### [EXERCISE BRIEF]
Your output should be the lines of the data that follow, reproduced exactly from the first through the line bearing "Tête de lit".

### [Dataset excerpts]
********************

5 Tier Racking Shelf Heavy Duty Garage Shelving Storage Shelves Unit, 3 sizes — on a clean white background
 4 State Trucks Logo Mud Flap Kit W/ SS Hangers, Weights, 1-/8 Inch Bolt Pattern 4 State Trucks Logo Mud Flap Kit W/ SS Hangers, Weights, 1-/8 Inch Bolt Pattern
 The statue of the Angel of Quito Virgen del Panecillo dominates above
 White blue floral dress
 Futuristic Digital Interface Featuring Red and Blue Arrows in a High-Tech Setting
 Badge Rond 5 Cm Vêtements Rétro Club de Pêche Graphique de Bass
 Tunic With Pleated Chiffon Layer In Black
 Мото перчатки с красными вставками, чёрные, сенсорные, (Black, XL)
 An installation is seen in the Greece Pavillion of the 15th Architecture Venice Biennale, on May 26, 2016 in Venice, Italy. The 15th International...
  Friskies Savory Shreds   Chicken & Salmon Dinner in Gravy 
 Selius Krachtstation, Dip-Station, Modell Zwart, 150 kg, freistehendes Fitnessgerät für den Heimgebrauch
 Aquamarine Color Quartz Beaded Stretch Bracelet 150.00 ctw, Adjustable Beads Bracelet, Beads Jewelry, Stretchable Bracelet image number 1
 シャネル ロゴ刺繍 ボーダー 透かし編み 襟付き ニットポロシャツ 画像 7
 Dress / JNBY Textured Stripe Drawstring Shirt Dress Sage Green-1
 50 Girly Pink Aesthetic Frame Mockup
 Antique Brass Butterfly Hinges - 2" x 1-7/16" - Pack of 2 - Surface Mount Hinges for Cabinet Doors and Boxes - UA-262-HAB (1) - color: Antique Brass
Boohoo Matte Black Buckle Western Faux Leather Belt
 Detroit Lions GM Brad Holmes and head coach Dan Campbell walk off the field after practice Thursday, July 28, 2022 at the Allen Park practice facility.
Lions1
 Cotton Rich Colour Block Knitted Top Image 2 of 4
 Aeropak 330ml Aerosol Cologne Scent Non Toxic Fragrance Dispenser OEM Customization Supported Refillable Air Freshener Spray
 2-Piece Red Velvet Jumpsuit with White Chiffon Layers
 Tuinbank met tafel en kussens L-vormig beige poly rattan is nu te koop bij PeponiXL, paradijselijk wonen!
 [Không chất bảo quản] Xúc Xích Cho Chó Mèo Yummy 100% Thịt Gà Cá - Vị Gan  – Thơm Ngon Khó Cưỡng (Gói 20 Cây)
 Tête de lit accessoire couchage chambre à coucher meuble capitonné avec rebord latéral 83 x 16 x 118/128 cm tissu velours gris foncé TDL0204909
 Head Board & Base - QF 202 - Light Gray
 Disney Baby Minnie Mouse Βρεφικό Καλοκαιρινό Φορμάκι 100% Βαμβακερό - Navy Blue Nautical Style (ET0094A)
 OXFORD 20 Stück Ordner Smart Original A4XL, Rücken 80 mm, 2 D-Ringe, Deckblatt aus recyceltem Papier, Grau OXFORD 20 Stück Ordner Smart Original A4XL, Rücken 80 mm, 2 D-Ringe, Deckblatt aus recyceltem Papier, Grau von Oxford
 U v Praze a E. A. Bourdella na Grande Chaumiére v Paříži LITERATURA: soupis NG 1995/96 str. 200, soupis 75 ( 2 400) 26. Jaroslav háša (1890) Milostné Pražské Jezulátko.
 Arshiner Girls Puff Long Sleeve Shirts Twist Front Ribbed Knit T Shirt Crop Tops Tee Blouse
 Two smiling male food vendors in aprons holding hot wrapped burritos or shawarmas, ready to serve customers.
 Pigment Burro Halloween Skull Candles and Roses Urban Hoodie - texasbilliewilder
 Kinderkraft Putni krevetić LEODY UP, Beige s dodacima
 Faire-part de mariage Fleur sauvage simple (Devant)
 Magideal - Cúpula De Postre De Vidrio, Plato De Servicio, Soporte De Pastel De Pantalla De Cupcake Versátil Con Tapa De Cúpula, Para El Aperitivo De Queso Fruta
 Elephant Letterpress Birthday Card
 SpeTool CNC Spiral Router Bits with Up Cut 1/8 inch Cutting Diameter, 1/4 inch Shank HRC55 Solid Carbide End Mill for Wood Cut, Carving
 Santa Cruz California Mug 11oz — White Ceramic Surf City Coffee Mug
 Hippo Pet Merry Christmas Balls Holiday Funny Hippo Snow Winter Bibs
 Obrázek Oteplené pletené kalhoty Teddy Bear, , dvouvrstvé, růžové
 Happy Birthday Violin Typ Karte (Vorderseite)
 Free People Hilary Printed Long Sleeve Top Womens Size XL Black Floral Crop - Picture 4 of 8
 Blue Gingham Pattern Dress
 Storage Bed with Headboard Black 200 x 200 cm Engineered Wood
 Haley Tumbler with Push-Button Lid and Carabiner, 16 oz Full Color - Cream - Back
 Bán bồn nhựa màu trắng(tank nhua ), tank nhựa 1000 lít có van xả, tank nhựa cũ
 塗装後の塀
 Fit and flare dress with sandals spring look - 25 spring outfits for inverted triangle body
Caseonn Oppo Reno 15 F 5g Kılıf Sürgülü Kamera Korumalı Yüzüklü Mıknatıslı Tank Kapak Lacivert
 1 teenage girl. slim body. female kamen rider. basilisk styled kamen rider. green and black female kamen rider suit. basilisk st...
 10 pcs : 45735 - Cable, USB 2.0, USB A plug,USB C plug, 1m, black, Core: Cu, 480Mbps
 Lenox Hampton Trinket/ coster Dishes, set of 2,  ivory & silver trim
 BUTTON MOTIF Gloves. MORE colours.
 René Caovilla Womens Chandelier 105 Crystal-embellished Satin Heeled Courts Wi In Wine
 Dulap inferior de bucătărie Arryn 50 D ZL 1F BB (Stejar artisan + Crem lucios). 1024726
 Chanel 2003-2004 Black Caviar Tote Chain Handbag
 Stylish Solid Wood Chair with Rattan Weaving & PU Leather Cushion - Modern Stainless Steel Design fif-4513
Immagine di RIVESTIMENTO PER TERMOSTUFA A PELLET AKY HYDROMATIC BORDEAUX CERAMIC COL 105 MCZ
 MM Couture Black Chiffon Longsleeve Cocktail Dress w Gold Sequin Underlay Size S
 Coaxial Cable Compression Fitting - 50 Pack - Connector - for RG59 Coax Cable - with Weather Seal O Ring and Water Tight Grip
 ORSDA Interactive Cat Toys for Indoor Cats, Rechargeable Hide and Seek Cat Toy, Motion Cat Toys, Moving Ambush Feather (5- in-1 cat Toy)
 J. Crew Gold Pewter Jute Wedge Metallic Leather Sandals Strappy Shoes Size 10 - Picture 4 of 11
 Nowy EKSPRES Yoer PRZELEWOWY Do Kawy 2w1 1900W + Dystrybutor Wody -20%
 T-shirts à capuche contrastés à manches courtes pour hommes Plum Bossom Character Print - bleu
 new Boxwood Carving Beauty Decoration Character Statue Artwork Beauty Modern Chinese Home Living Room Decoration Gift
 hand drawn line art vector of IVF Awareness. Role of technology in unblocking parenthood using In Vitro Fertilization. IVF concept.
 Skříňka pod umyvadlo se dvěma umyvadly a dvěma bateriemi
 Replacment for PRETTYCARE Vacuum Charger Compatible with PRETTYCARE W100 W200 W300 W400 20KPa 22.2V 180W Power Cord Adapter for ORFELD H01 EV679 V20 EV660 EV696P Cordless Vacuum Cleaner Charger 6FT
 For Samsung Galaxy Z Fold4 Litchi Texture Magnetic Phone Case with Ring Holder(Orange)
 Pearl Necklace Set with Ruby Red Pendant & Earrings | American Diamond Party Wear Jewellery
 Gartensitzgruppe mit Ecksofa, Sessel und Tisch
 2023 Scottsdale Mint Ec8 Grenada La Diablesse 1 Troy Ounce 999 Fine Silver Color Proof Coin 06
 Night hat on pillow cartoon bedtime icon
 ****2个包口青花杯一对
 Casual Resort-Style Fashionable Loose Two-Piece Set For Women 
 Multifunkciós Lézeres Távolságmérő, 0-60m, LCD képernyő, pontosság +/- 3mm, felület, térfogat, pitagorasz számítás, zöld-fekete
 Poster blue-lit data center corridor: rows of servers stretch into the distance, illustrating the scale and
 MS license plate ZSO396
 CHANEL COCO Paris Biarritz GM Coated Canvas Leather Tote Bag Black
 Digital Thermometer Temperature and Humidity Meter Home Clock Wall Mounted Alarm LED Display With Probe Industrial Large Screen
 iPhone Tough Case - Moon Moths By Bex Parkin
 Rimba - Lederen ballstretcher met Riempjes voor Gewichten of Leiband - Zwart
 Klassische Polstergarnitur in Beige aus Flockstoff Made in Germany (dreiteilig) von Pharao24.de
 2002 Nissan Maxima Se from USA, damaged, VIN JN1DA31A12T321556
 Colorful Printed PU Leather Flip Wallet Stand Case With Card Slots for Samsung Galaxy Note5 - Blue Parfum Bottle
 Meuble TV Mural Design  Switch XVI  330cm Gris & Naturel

********************

### [SOLUTION TO THIS EXERCISE]
5 Tier Racking Shelf Heavy Duty Garage Shelving Storage Shelves Unit, 3 sizes — on a clean white background
 4 State Trucks Logo Mud Flap Kit W/ SS Hangers, Weights, 1-/8 Inch Bolt Pattern 4 State Trucks Logo Mud Flap Kit W/ SS Hangers, Weights, 1-/8 Inch Bolt Pattern
 The statue of the Angel of Quito Virgen del Panecillo dominates above
 White blue floral dress
 Futuristic Digital Interface Featuring Red and Blue Arrows in a High-Tech Setting
 Badge Rond 5 Cm Vêtements Rétro Club de Pêche Graphique de Bass
 Tunic With Pleated Chiffon Layer In Black
 Мото перчатки с красными вставками, чёрные, сенсорные, (Black, XL)
 An installation is seen in the Greece Pavillion of the 15th Architecture Venice Biennale, on May 26, 2016 in Venice, Italy. The 15th International...
  Friskies Savory Shreds   Chicken & Salmon Dinner in Gravy 
 Selius Krachtstation, Dip-Station, Modell Zwart, 150 kg, freistehendes Fitnessgerät für den Heimgebrauch
 Aquamarine Color Quartz Beaded Stretch Bracelet 150.00 ctw, Adjustable Beads Bracelet, Beads Jewelry, Stretchable Bracelet image number 1
 シャネル ロゴ刺繍 ボーダー 透かし編み 襟付き ニットポロシャツ 画像 7
 Dress / JNBY Textured Stripe Drawstring Shirt Dress Sage Green-1
 50 Girly Pink Aesthetic Frame Mockup
 Antique Brass Butterfly Hinges - 2" x 1-7/16" - Pack of 2 - Surface Mount Hinges for Cabinet Doors and Boxes - UA-262-HAB (1) - color: Antique Brass
Boohoo Matte Black Buckle Western Faux Leather Belt
 Detroit Lions GM Brad Holmes and head coach Dan Campbell walk off the field after practice Thursday, July 28, 2022 at the Allen Park practice facility.
Lions1
 Cotton Rich Colour Block Knitted Top Image 2 of 4
 Aeropak 330ml Aerosol Cologne Scent Non Toxic Fragrance Dispenser OEM Customization Supported Refillable Air Freshener Spray
 2-Piece Red Velvet Jumpsuit with White Chiffon Layers
 Tuinbank met tafel en kussens L-vormig beige poly rattan is nu te koop bij PeponiXL, paradijselijk wonen!
 [Không chất bảo quản] Xúc Xích Cho Chó Mèo Yummy 100% Thịt Gà Cá - Vị Gan  – Thơm Ngon Khó Cưỡng (Gói 20 Cây)
 Tête de lit accessoire couchage chambre à coucher meuble capitonné avec rebord latéral 83 x 16 x 118/128 cm tissu velours gris foncé TDL0204909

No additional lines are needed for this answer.